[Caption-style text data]
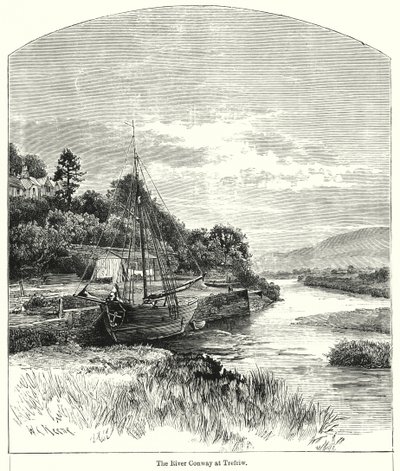 A Conway folyó Trefriw-nél (metszet) alkotó: English School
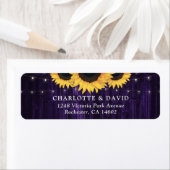 Paarse Houten Zonnebloem Trouw Retouradres Etiket (Insitu)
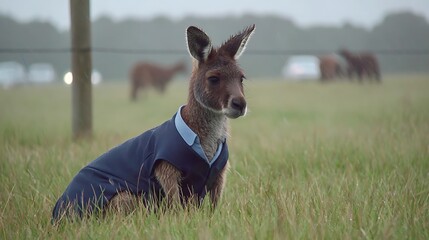 A kangaroo wearing a formal suit sits in a field, with a fence and other animals blurred in the background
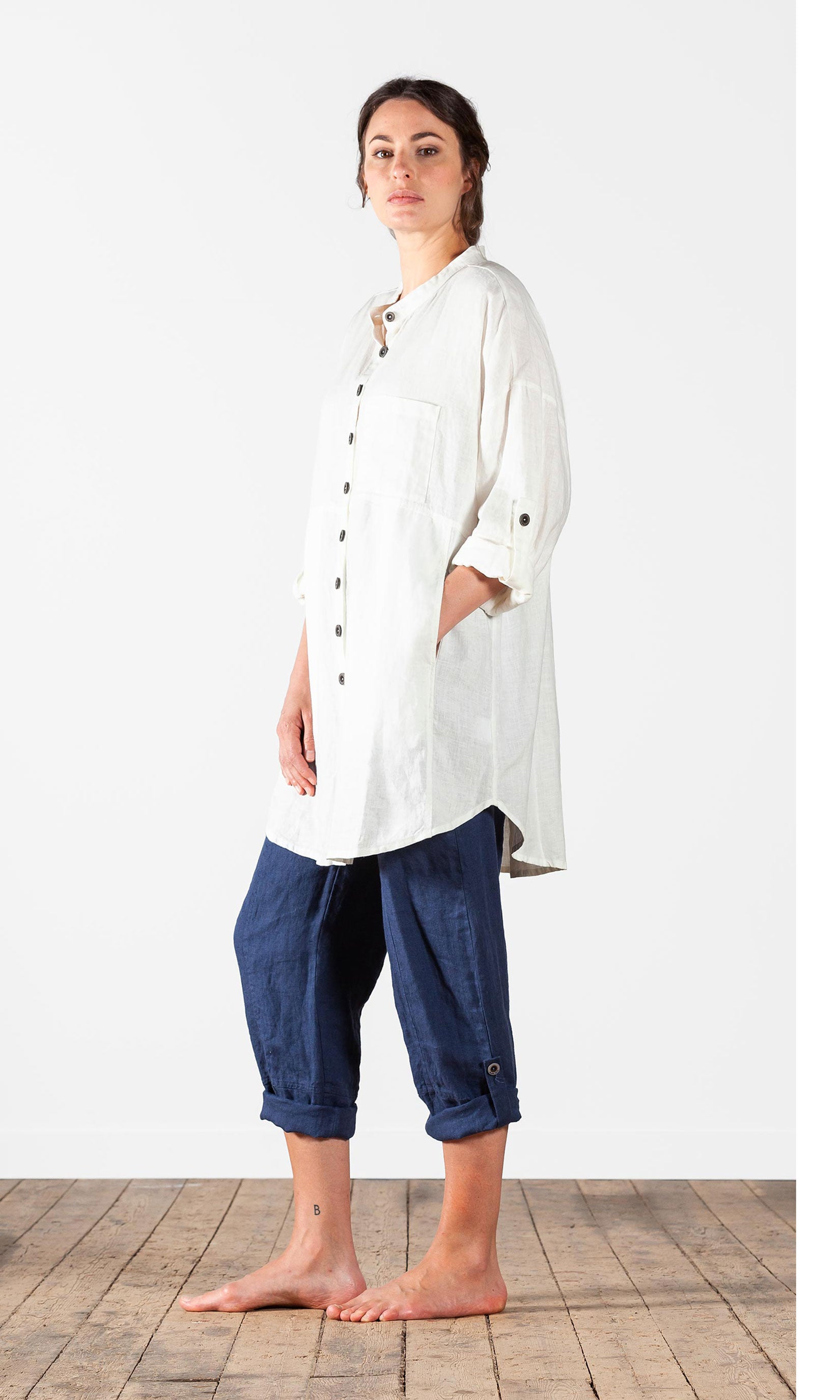 Oversize linneskjorta med bandkrage
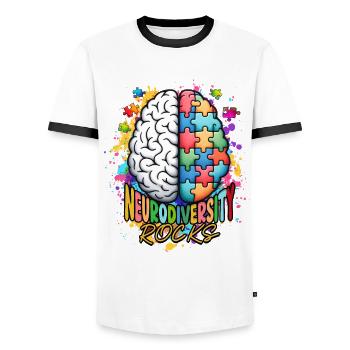 Autistic Autistic Autism Neurodiversity rocks - Men's Ringer Shirt - white/black - Front - AI Model Female 172 light (172cm) & AI Model Male 178 dark (178cm)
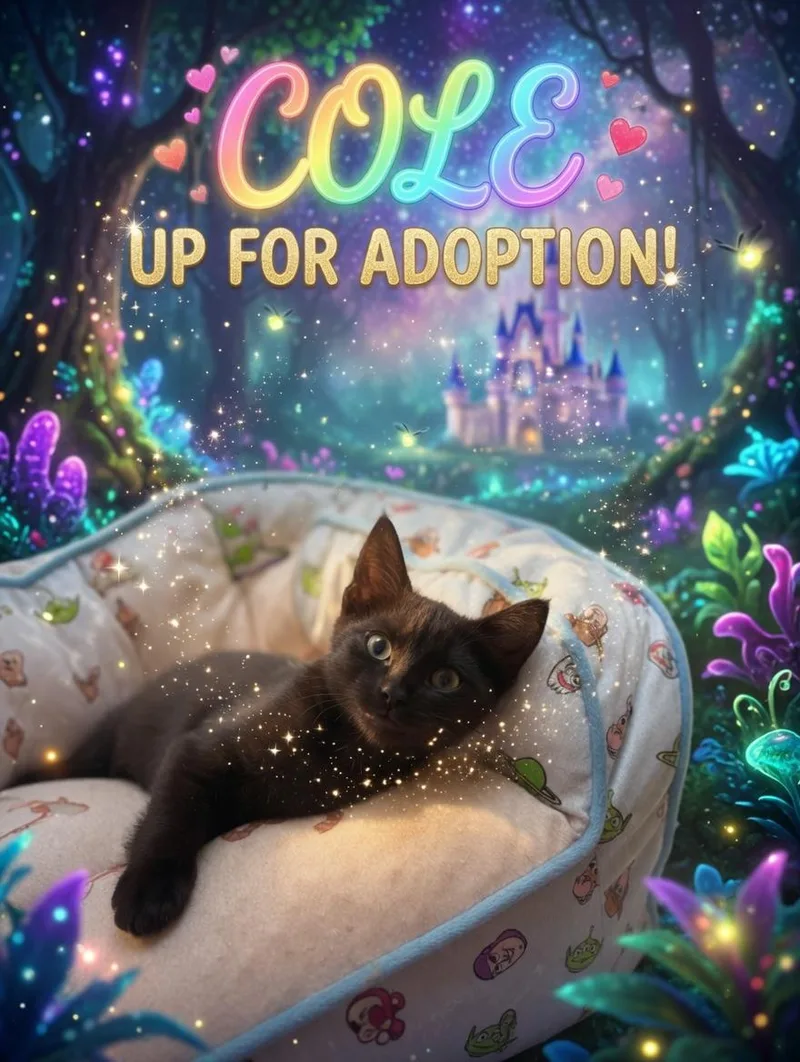 A baby medium-sized male Black Domestic Medium Hair cat named Cole for adoption in Stockton, CA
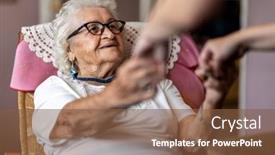  Presentation with home care - Amazing slide set having female-home-carer-supporting-old backdrop and a tawny brown colored foreground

**Exercise objective:** All lines from the one that contains "Autistic Autistic Autism" through the last line of the data should be retyped exactly, with the pictures left out.

**Solution to this task:**
 Autistic Autistic Autism Neurodiversity rocks - Men's Ringer Shirt - white/black - Front - AI Model Female 172 light (172cm) & AI Model Male 178 dark (178cm)
 A baby medium-sized male Black Domestic Medium Hair cat named Cole for adoption in Stockton, CA
  Presentation with home care - Amazing slide set having female-home-carer-supporting-old backdrop and a tawny brown colored foreground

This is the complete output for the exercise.